On Tue, Sep 13, 2022 at 8:39 PM Weston Pace <we...@gmail.com> wrote:

> Yes.  If you need the source node to read in parallel OR if you have
> multiple fragments (especially if those fragments don't have identical
> schemas) then you want a dataset and not just a plain source node.
>
> On Tue, Sep 13, 2022 at 1:55 PM David Li <li...@apache.org> wrote:
> >
> > Yeah, I concur with Weston.
> >
> > > To start with I think a custom factory function will be sufficient
> > > (e.g. look at MakeScanNode in scanner.cc for an example).  So the
> > > options would somehow describe the coordinates of the flight endpoint.
> >
> > These 'coordinates' would be a FlightDescriptor.
> >
> > > However, it might be nice if "open a connection to the flight
> > > endpoint" happened during the call to StartProducing and not during
> > > the factory function call.  This could maybe be a follow-up task.
> >
> > The factory would call GetFlightInfo (or maybe GetSchema, from what it
> sounds like) to get the schema, but this wouldn't actually read any data.
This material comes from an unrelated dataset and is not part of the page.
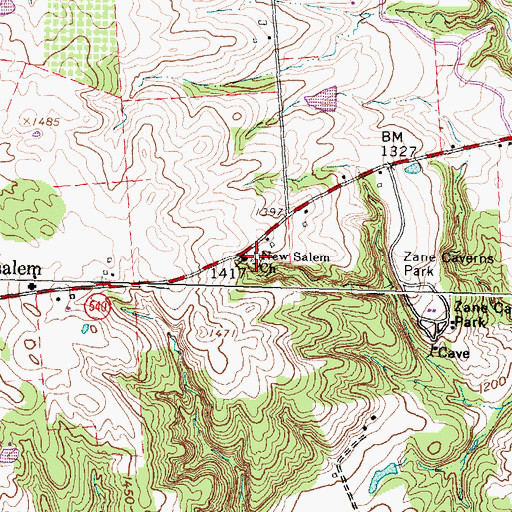 Topographic Map of New Salem Cemetery, OH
> StartProducing would then actually call DoGet to actually read data.
> >
> > ---
> >
> > The reason why I suggested adapting Flight to Dataset, assuming this
> matches the semantics of your service, is because it encapsulates these
> steps, but reuses all the machinery we already have:
> >
> > - Dataset discovery naturally becomes GetFlightInfo. (Semantically, this
> is like beginning execution of a query, and returns one or more partitions
> where the result set can be read.)
> > - Those partitions then each become a Fragment, and then they can be
> read in parallel by Dataset.
> >
> > It sounds like the service in question here isn't quite that complex,
> though, so no need to necessarily go that far.
> >
> > On Tue, Sep 13, 2022, at 19:18, Weston Pace wrote:
> > >> The alternative path of subclassing SourceNode and having
> ExecNode::Init or
> > >> ExecNode::StartProducing seems quite a bit of change (also I don't
> think
> > >> SourceNode is exposed via public header). But let me know if you
> think I am
> > >> missing something.
> > >
> > > Agreed that we don't want to go this route.  David's suggestion is a
> > > good idea.  However, this shouldn't be the responsibility of the
> > > caller exactly.
> > >
> > > In other words (and my lack of detailed knowledge about flight is
> > > probably going to leak here) there should still be a factory function
> > > (e.g. "flight_source" or something like that) and a custom options
> > > object (FlightSourceOptions).
> > >
> > > To start with I think a custom factory function will be sufficient
> > > (e.g. look at MakeScanNode in scanner.cc for an example).  So the
> > > options would somehow describe the coordinates of the flight endpoint.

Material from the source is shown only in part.